**Data extract**:
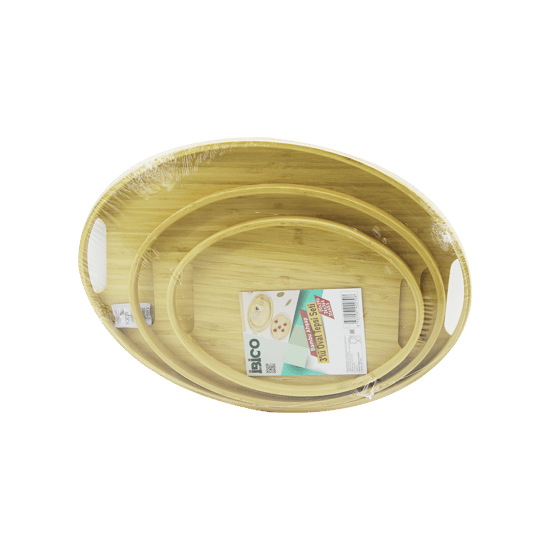 İ22-270 ( 3 Boy ) ( Oval ) ( Bambu Ahşap ) Tepsi Seti ( 20x29 & 26x36 & 31x45cm )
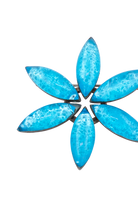 Broche en forme de fleur bleu turquoise lagon vintage 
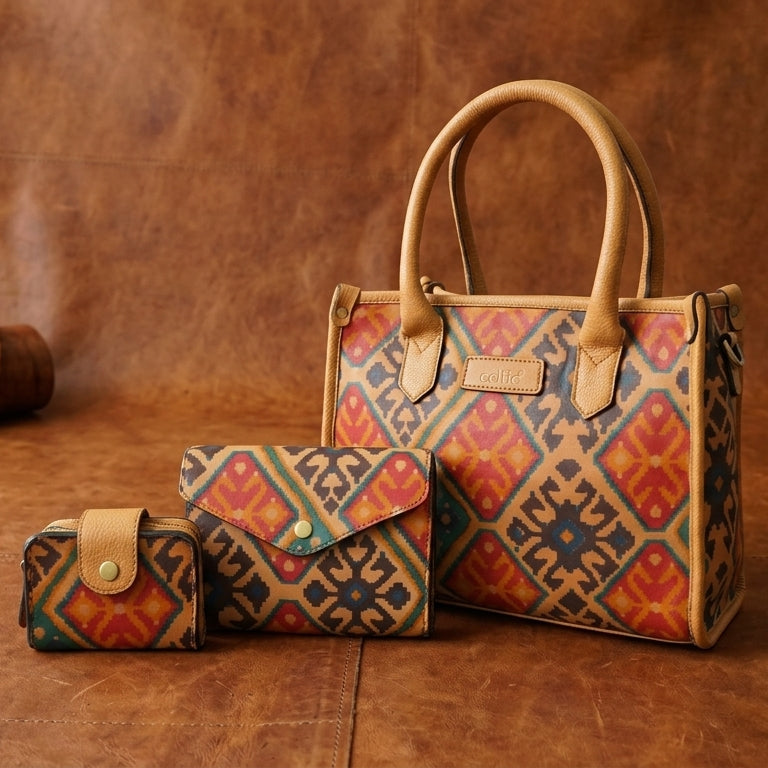Premium Leather Ethnic 3-Piece Bag Set | Tote, Sling & Clutch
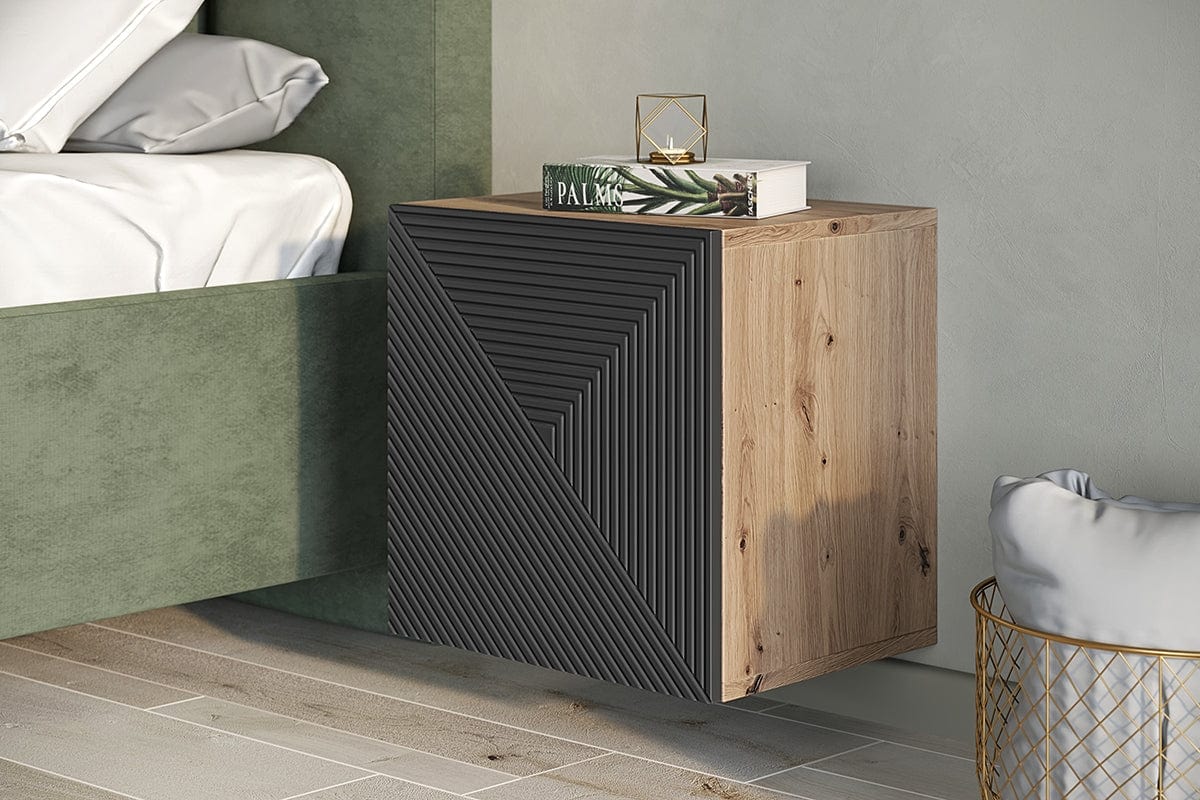 Bogart Noptiera suspendata din pal si MDF, cu 1 usa, Asha 40-1D Antracit / Stejar Artisan, l40xA32xH40 cm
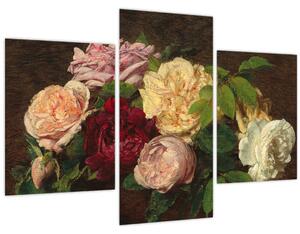 Kép - Henri Fantin-Latour, Roses de Nice on a Table, reprodukciók (90x60 cm)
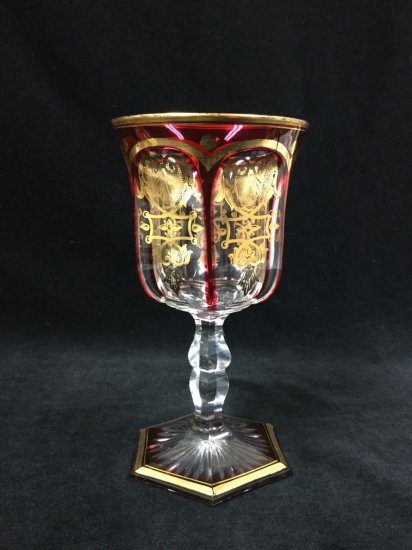 バカラ baccarat エンパイア クランベリー 金彩 ワイングラス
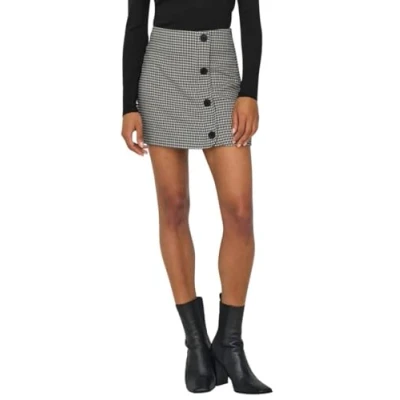 Image of ONLY Onleliza Lettie Skirt Wrap skirt, Women&#039;s, Size: 12, Black/pumice stone/cloud dancer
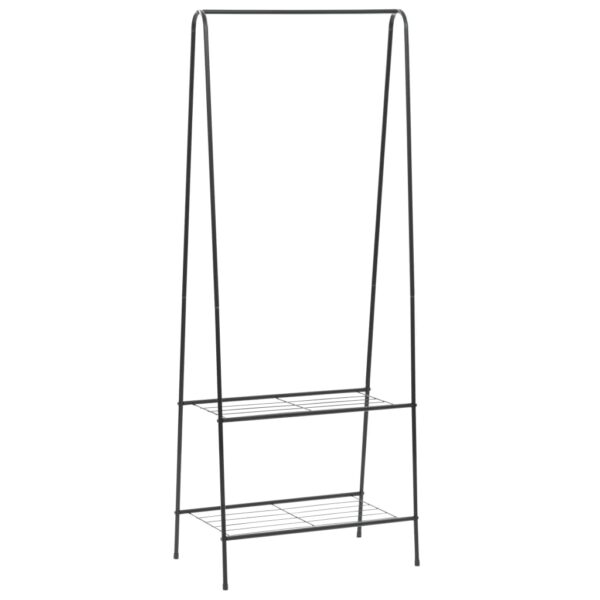 Elegant Black Steel Clothes Rack with Shelves for Bedroom Storage Organizer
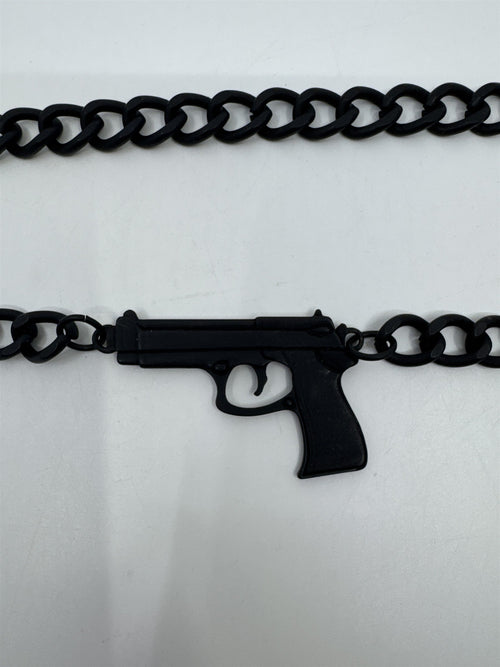 Black Gothic Long Metal Wallet Chain W/ Gun Emblem Fashion Chain
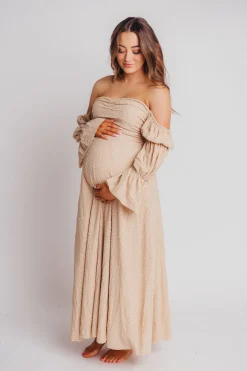 Hot Worth Collective Corrine Tiered Sleeve Maxi Dress with Pockets in Beige - Bump Friendly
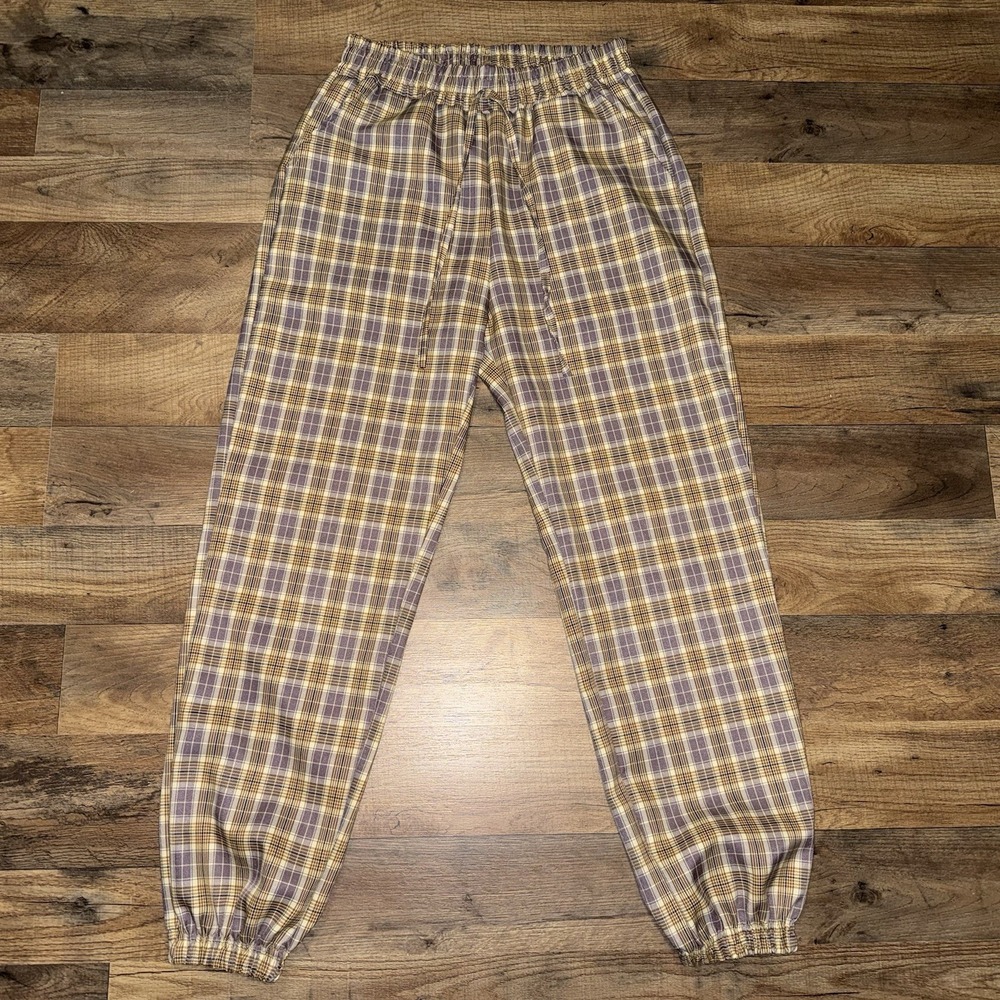 Darong Collection Yellow Plaid Jogger Pants Size Medium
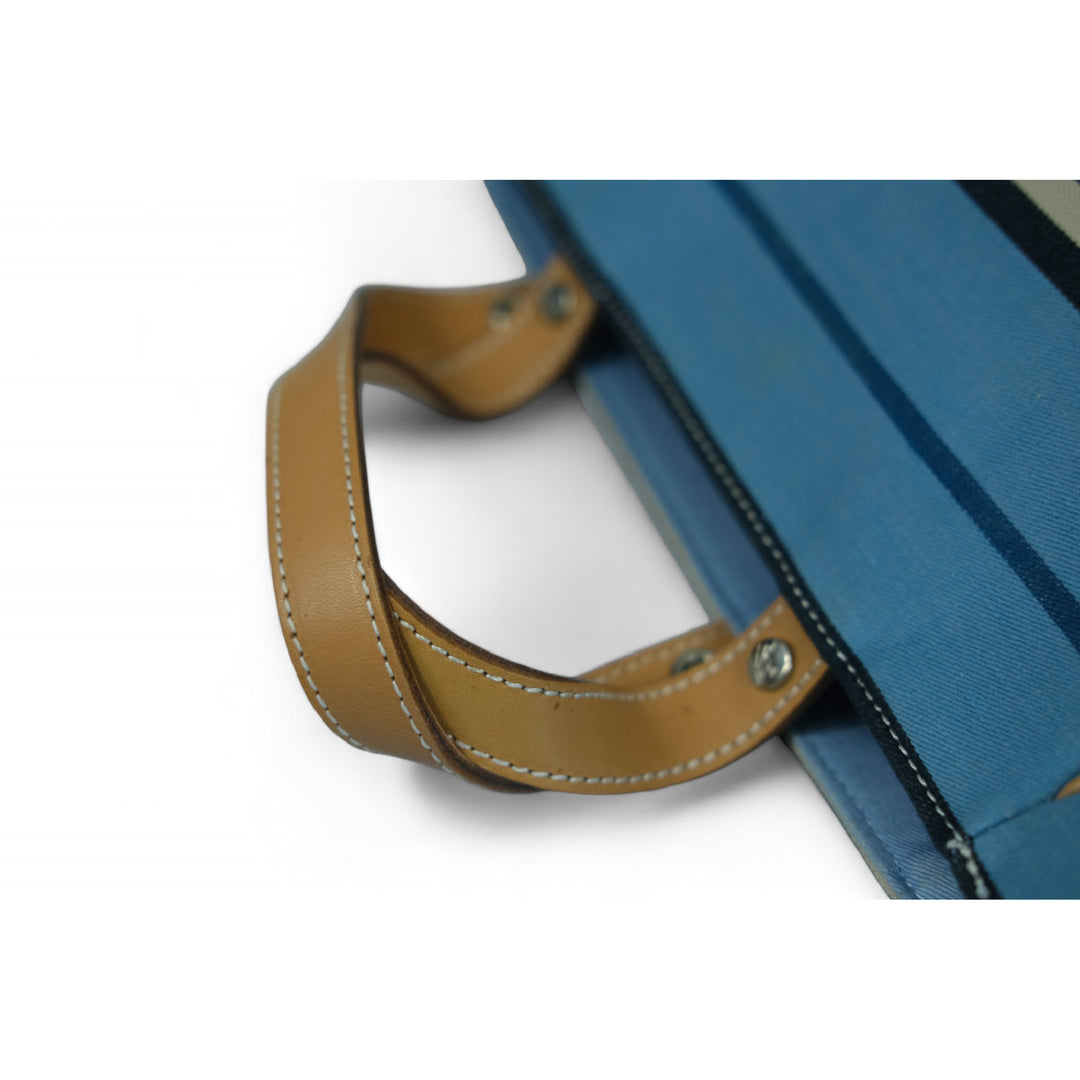 Burberry Blue Label Tote Bag Striped Canvas Leather Trim Blue Beige Women's Handbag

**Required action**: When you reach a picture in the records above, pass over it and transcribe the rest exactly.

**Written solution**:
 İ22-270 ( 3 Boy ) ( Oval ) ( Bambu Ahşap ) Tepsi Seti ( 20x29 & 26x36 & 31x45cm )
 Broche en forme de fleur bleu turquoise lagon vintage 
Premium Leather Ethnic 3-Piece Bag Set | Tote, Sling & Clutch
 Bogart Noptiera suspendata din pal si MDF, cu 1 usa, Asha 40-1D Antracit / Stejar Artisan, l40xA32xH40 cm
 Kép - Henri Fantin-Latour, Roses de Nice on a Table, reprodukciók (90x60 cm)
 バカラ baccarat エンパイア クランベリー 金彩 ワイングラス
 Image of ONLY Onleliza Lettie Skirt Wrap skirt, Women&#039;s, Size: 12, Black/pumice stone/cloud dancer
 Elegant Black Steel Clothes Rack with Shelves for Bedroom Storage Organizer
 Black Gothic Long Metal Wallet Chain W/ Gun Emblem Fashion Chain
 Hot Worth Collective Corrine Tiered Sleeve Maxi Dress with Pockets in Beige - Bump Friendly
 Darong Collection Yellow Plaid Jogger Pants Size Medium
 Burberry Blue Label Tote Bag Striped Canvas Leather Trim Blue Beige Women's Handbag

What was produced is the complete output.